DSL Methodology: A key software concept.

With Kotlin the term ‘DSL’ has taken on a specific meaning, and that more specific meaning is explored in another page on Kotlin DSLs like kotlinx.html and how to write them.  DSL methodology is a key reason that the capabilities of a language to write domain specific extensions to the language becomes important.

This page concentrates on the concept of DSL Methodology.  DSL methodology is to consider software development as the task of creating the component tools that allow the expression of what the program does within a single concise function, and in a manner the not only executes correctly but is also easy for a person to read, understand and when necessary, modify.

  • Introduction to DSLs
    • DLS: the general DSL definition
    • DSL: independent language or and language extension?
    • When does a program create a DSL?
  • Human Language and DSLs
    • Why consider human languages?
    • The Dictionary is an insufficient reference.
    • Jargon as a form of DSL
    • Situation Specific Language extensions
    • Specific Human language: Independent Language vs Extensions.
    • Conclusion
  • DSL Methodology: The Basics
    • Simple language extension
    • DSL Methodology: Building Blocks
    • More Layers
    • The Core concept
    • When to apply DSL Methodology
  • Implementing DSL Methodology
    • The Core concept
    • software modules: group extensions together
    • Leveraging existing Language Extensions
  • Conclusion

Introduction

DSL: The general definition

A DSL is an acronym for Domain Specific Language.  A ‘Domain’ being effectively a specific application. Contrasting with ‘General purpose languages’ which attempt to allow for solving any programming problem, a DSL can be purpose designed for a specific ‘domain’ or a specific type of problem.

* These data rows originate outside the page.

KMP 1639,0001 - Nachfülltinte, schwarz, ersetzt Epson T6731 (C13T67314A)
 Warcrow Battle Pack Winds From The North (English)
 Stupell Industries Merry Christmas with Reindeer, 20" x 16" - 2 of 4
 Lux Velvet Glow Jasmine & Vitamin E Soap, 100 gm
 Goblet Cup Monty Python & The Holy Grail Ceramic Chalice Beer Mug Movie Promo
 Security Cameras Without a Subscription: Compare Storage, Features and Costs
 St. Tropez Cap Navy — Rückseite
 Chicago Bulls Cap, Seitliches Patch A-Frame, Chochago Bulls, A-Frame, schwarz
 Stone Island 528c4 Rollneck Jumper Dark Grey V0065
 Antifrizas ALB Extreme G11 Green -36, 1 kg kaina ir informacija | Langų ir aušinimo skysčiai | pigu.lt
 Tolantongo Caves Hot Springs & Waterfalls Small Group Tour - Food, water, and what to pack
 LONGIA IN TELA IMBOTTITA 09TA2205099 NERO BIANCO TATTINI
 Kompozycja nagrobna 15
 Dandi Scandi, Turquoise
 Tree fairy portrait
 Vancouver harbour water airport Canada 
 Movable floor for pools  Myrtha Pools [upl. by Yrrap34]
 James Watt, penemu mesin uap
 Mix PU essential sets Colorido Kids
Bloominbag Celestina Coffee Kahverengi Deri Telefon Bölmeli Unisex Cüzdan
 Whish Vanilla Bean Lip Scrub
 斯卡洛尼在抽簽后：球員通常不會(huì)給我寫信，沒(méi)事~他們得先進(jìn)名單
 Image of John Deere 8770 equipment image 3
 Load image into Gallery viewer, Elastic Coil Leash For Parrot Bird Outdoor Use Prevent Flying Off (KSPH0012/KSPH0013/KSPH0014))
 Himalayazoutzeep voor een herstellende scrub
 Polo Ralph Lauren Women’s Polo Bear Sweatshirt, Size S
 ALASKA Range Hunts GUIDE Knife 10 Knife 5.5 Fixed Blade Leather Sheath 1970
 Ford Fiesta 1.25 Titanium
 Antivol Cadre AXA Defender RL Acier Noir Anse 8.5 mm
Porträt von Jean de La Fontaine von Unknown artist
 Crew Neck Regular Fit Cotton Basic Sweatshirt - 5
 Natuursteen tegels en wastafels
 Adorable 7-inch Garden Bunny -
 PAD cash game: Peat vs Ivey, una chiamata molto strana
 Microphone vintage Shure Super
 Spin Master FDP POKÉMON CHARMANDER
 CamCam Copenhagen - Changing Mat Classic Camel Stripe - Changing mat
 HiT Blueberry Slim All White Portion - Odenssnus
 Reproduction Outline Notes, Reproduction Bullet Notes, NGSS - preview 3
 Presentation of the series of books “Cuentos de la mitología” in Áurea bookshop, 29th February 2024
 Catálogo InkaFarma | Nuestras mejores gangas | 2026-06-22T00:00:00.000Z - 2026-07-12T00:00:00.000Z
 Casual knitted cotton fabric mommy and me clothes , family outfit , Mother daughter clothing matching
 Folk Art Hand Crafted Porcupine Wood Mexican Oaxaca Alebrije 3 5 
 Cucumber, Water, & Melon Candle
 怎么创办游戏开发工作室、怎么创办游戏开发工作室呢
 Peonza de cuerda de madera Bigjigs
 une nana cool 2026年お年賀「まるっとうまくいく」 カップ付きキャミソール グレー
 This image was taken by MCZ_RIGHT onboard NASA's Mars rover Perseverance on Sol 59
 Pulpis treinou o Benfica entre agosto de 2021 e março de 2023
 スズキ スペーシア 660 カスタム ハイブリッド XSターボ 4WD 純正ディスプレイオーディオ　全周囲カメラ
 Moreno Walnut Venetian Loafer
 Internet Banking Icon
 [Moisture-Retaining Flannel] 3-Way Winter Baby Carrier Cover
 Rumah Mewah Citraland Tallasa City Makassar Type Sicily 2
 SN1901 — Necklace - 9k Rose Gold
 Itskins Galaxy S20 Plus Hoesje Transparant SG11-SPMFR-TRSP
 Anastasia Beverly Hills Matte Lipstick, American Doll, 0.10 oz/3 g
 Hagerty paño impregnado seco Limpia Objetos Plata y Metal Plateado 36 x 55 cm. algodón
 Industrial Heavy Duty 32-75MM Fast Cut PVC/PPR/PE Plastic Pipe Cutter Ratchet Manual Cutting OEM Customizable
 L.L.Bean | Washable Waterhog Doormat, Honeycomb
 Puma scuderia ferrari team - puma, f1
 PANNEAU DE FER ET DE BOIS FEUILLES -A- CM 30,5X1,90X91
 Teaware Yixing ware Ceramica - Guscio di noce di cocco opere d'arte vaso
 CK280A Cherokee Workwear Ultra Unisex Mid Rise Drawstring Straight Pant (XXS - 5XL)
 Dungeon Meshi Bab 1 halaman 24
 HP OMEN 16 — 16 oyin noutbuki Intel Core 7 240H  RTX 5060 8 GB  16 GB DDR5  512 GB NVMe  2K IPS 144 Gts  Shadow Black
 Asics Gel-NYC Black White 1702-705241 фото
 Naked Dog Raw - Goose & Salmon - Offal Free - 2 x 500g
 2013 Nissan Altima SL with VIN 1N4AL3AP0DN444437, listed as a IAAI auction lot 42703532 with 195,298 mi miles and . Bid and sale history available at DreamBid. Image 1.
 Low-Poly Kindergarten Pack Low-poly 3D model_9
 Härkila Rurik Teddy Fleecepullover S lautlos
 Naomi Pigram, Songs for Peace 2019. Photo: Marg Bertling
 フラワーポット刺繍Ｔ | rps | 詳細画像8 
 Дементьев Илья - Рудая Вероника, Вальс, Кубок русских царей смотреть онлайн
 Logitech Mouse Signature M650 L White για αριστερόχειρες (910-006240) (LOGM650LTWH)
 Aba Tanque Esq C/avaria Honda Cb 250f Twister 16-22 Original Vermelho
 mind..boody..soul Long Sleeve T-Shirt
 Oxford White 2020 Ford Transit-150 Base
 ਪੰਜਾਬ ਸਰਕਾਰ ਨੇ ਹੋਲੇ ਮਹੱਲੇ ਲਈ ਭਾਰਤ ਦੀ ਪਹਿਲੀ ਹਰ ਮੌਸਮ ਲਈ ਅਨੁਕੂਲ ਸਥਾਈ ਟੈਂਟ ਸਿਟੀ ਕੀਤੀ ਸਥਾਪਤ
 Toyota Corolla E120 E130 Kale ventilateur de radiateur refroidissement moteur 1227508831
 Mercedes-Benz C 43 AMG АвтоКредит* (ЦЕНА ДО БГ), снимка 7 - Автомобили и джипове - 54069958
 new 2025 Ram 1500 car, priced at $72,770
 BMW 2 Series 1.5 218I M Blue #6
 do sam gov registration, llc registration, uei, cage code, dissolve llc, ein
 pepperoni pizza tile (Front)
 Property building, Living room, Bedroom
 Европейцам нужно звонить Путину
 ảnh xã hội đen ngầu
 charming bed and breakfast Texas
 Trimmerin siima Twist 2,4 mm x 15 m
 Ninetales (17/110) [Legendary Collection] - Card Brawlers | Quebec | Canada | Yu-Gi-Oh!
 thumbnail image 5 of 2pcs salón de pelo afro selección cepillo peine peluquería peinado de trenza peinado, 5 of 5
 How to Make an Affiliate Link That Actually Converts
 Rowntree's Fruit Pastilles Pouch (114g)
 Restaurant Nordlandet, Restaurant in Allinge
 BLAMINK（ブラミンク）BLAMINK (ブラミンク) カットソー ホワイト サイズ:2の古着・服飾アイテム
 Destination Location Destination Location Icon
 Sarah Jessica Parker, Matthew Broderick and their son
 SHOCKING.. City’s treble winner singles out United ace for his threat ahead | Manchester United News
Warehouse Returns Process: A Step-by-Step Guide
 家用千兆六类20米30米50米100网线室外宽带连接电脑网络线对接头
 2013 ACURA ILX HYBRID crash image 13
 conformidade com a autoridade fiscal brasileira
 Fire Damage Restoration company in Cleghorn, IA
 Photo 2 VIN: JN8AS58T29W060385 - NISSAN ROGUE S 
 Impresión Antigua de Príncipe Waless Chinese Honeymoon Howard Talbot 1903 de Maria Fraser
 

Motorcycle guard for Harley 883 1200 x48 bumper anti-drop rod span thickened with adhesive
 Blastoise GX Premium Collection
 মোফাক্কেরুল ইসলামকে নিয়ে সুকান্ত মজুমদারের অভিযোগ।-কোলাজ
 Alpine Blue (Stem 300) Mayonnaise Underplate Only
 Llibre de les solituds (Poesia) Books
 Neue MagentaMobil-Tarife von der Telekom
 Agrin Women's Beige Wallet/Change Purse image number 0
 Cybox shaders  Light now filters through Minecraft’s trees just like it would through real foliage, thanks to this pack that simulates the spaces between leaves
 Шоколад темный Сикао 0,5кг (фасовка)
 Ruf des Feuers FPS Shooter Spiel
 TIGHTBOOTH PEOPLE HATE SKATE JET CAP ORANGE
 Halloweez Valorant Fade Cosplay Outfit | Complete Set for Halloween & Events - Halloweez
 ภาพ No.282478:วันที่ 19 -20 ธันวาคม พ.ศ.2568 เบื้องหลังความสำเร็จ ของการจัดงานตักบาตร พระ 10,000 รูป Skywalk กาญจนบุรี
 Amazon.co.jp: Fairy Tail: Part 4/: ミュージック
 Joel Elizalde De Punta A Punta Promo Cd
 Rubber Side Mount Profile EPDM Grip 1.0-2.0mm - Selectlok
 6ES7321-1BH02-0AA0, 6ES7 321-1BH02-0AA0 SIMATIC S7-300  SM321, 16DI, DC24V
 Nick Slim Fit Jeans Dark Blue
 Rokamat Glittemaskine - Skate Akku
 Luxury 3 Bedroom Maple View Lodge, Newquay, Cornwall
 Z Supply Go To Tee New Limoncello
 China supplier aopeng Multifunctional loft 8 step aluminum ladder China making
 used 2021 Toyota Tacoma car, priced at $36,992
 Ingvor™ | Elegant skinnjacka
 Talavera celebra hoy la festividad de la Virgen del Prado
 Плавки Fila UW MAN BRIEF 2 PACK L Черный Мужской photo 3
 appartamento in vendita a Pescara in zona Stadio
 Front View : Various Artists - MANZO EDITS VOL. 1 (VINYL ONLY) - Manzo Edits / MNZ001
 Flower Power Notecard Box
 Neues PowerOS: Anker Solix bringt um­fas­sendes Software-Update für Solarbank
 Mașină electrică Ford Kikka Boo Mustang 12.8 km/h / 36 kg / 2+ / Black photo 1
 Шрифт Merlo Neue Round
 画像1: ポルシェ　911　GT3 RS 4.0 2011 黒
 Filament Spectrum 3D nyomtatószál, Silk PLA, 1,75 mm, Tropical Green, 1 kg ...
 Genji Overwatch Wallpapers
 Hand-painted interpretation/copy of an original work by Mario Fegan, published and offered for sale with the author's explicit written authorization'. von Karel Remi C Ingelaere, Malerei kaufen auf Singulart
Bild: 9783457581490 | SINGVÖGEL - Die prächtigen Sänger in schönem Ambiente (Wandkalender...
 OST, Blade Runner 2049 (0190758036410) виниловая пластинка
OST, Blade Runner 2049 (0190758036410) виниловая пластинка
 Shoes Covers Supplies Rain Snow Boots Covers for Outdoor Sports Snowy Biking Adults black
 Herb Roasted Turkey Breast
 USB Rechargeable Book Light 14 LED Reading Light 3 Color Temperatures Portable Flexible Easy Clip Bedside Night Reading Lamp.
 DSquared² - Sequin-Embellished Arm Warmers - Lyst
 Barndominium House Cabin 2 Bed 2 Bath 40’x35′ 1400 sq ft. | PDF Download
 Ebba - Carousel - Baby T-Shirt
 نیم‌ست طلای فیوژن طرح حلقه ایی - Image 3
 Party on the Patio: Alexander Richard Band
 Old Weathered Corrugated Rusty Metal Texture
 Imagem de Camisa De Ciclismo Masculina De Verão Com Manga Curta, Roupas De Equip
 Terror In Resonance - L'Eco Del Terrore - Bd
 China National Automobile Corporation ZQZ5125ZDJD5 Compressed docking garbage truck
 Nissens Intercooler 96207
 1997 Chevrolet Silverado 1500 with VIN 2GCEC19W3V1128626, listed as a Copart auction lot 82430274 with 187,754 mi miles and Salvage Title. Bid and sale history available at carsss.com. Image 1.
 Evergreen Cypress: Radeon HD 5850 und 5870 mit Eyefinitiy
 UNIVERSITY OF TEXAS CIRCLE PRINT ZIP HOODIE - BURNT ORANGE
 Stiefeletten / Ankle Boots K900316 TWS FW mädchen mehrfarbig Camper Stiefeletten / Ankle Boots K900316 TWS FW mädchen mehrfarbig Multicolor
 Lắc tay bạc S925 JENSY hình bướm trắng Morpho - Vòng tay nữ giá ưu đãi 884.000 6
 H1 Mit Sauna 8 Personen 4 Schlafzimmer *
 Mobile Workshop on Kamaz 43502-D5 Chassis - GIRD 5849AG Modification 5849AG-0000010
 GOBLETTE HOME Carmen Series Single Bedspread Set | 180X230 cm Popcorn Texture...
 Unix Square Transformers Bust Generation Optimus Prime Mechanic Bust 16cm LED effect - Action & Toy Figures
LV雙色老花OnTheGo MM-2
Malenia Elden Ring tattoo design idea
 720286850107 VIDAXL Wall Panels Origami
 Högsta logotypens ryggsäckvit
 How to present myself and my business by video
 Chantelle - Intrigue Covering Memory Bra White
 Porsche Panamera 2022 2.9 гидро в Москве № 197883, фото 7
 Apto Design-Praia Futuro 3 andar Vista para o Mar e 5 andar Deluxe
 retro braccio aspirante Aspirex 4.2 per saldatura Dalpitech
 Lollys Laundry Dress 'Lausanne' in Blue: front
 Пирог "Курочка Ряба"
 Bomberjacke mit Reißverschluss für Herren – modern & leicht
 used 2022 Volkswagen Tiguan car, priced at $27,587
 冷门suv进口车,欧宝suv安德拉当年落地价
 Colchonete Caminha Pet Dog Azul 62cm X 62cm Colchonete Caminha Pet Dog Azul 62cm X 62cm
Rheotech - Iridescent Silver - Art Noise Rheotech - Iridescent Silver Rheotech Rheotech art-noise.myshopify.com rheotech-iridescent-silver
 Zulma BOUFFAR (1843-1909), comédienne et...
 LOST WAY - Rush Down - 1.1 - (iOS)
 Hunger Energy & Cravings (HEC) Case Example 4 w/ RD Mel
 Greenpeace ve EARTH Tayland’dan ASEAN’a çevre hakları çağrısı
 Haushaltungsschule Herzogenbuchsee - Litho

DSLs can sound like using Kotlin (or Python) to build an entirely new language, and this can seem true, but the reality is simpler. All kotlin DSLs are extensions of Kotlin, and although sometimes use cases can focus on the extension and make little use of the underlying language, that underlying language is always still there.

Two Types of DSL: Independent DSLs and Language (extensions) DSLs

Independent DSLs

There are DSLs like SQL, which are stand-alone languages to tackle a specific field or domain.  The first problem with independent DSLs is that a general purpose language is almost always also required.  This problem can be solved by combining a DSL with a general language, like using SQL from Python, although then you have two different languages, it does work.  The second problem with independent DSLs is that the features of the general purpose language are not accessible from within the DSL, so the DSL has to duplicate features of general purpose languages, and the duplicated features are generally inferior to those in general purpose languages.  E.g. numeric expressions in SQL are not as powerful as most general purpose languages, and there is often a syntax change from the general purpose language.

Language (extended) DSLs.

There is also a solution where a DSL is an extension to a general purpose language. For example, in place of developing in SQL with Python, SQLAlchemy brings the power of the SQL language to Python.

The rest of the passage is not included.